J:去年一年在东京居住,我现在想以日记的形式写一本记录东京一年的书。我想写出文化对照的差异感,暗含一条线,准备把一年发生的公共事件以相对私人的情感角度融入进去,而不是杂文居高临下的角度。说给公众的话多少是对自己的扭曲,所以我想将对我来说更多是个人的情感刺激的事记录下来,以日记的形式来呈现。




“只要诚恳地生活,就不会有什么坏的事情和错的性格”


| “被时代绑架这件事不能怨时代,还得怨你。

J:事实上每一代人都会被时代绑架,其实被绑架唯一成立的条件,是你愿意被绑架,你对时代是有所求的。很多人认为自己掌握了时代的规律,是时代的弄潮儿,事实上他们也是被时代绑架,你希望以相对投机的姿态来获得好处,你认为要抓住时机,而不是相信一些永恒的事情。被时代绑架这件事情不能怨时代,还得怨你。时代的弄潮儿每个人都有五分钟大名大旺的机会,成功的比例更高,你也不能去责备他们太过鸡贼或投机,社会分工不一样,每个人都有自己的理性选择。当你投入比如文学创作、艺术这样的经典的事情,你相当于加入了一个永远不可能赢的比赛,你没法站在托尔斯泰的肩膀上,你只能站在他的膝盖处,你永远不可能赢,这是一件吃力不讨好的事情。



▲蒋方舟亲自设计的布袋


| “近年争议渐渐变少,某种程度上,作为个人被社会所遗忘是很开心的。

J:关于我的争议渐渐变少,首先是因为有外界的变化,社会舆论在发生一些改变。在我小的时候,年轻人做出一点出格的事情是不被整个社会接受的,我成名时候甚至被当做一个被社会催化的、不健康的成长案例来看的。但现在每当出现一个成长超越同龄人,超过教育系统所规定的成长速度的人,社会反而会大力欢迎。另外一方面是我自己老了,不再以少年作家的名头来被看待,大家更多是以作家的层面来看,我觉得这方面我做的还不够,人们对于我个人的关注还是多于对我作品的关注。我并不希望走在作品的前面,按照写作的初心来想,我一直只是想写东西,成名是写作的副作用,争议更是成名带来的副作用。在一定程度上,我认为近年来我个人是被社会所遗忘的,从这个角度看很开心。我对创作还有野心,我现在很想生孩子,想生完孩子全心投入创作。

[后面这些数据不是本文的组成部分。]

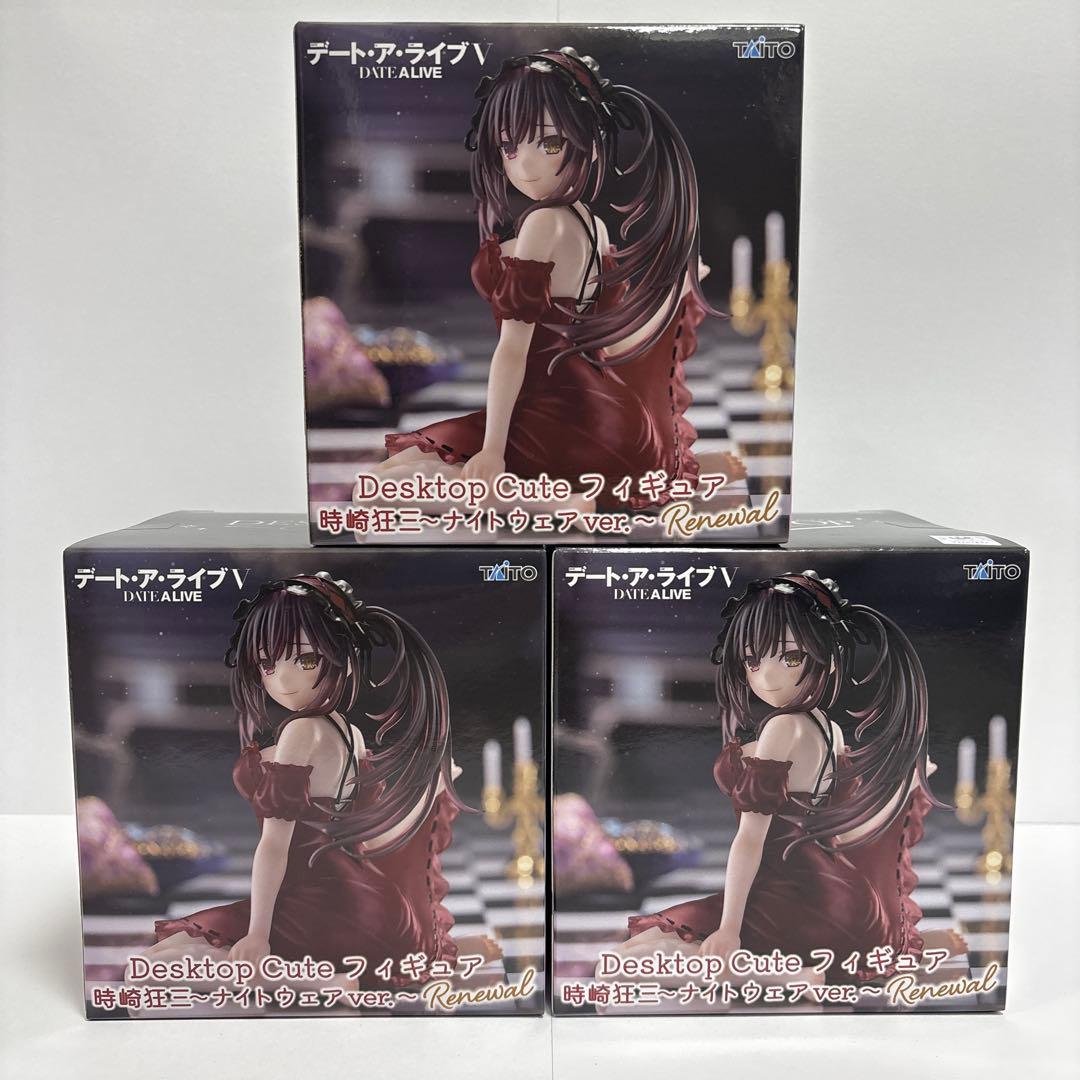 【新品未開封】美少女系 フィギュア まとめ売り まどかマギカ ホロライブ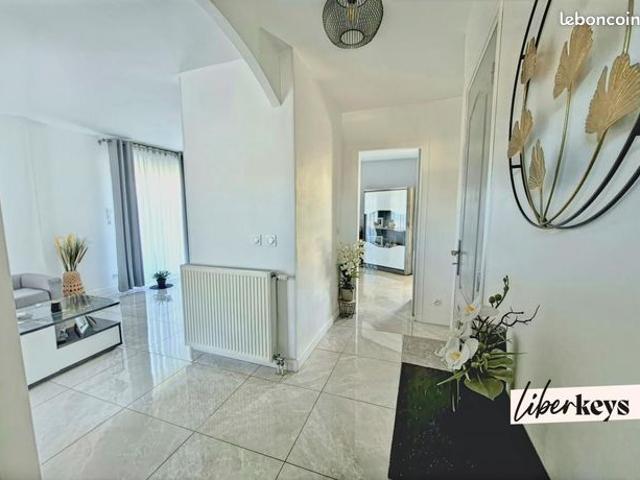 Maison vente à Chambly, Oise
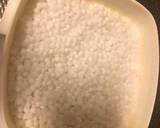 Sabudana Thalipeeth recipe step 1 photo
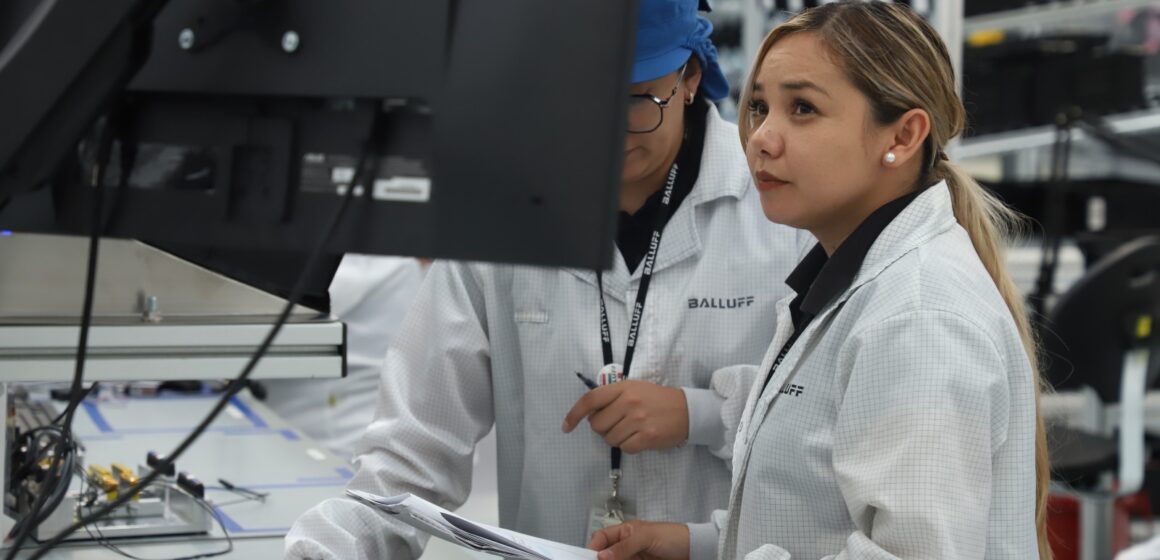 AGUASCALIENTES LIDERA EL CRECIMIENTO SALARIAL EN MÉXICO; SUPERA TRES VECES EL PROMEDIO NACIONAL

| “年少成名,缺失的童年不可惜,天性存留了多少才是持续影响一生的东西。

J:对于缺失的童年不会感到可惜,我认为,我所谓单纯的那部分反而被保护的特别好,比如容易相信别人、没有防备、不说谎。可能小时候的迅速成长成为了一个壳,可以把自己很好的保护在里面。慢慢地成长反而会消磨掉人性中单纯的东西,使人一点一点被磨损。我认为童年玩乐的记忆不是很重要,天性上的东西留存了多少反而会持续影响你的一生。


| “特别想生一个孩子,掌握奉献、无条件爱别人的能力。

J:我看到很多没有孩子的女人,到了比较大的年岁,就会变得很刻薄、有怨气,不太宽厚。有人认为生了孩子世界会变狭窄,但对于我妈妈来说,生孩子就让她学会了如何无条件地爱别人,她的生活也被扩宽了一点,可能我生孩子也是为了成就自己,可以让我学会奉献、无条件地爱别人,这是我非常想掌握的一种能力。我之前害怕被幸福的生活收服,我希望有痛苦的概念,因为最近一两年我在写作上更坚定了,所以我认为自己应该不会被这件事影响太多。



▲采访过程中的方舟


| “作为作家和人的两种状态在体内不断切换,只要真诚、诚恳地生活,就不会有坏的事情和错的性格。

J:16年基本上都在玩,写作上面我算是停了一停,一直在生活,我感觉我成熟了。在日本我算是比较孤独的状态,这也培养了我的感知能力,比如我对艺术的领悟能力和审美能力变强了。同时我也变得更纯真了,能够更自如地切换到相对纯真的状态,在和他人的交往中也变得更亲和、自然。可能16年的我更多是作为人的那一面占上风,作为作家的那一面休息了,整个人变得更松弛一些,但这两种状态在体内不断切换,将来还会变,只要你真诚和诚恳地生活,就不会有什么坏的事情和错的性格。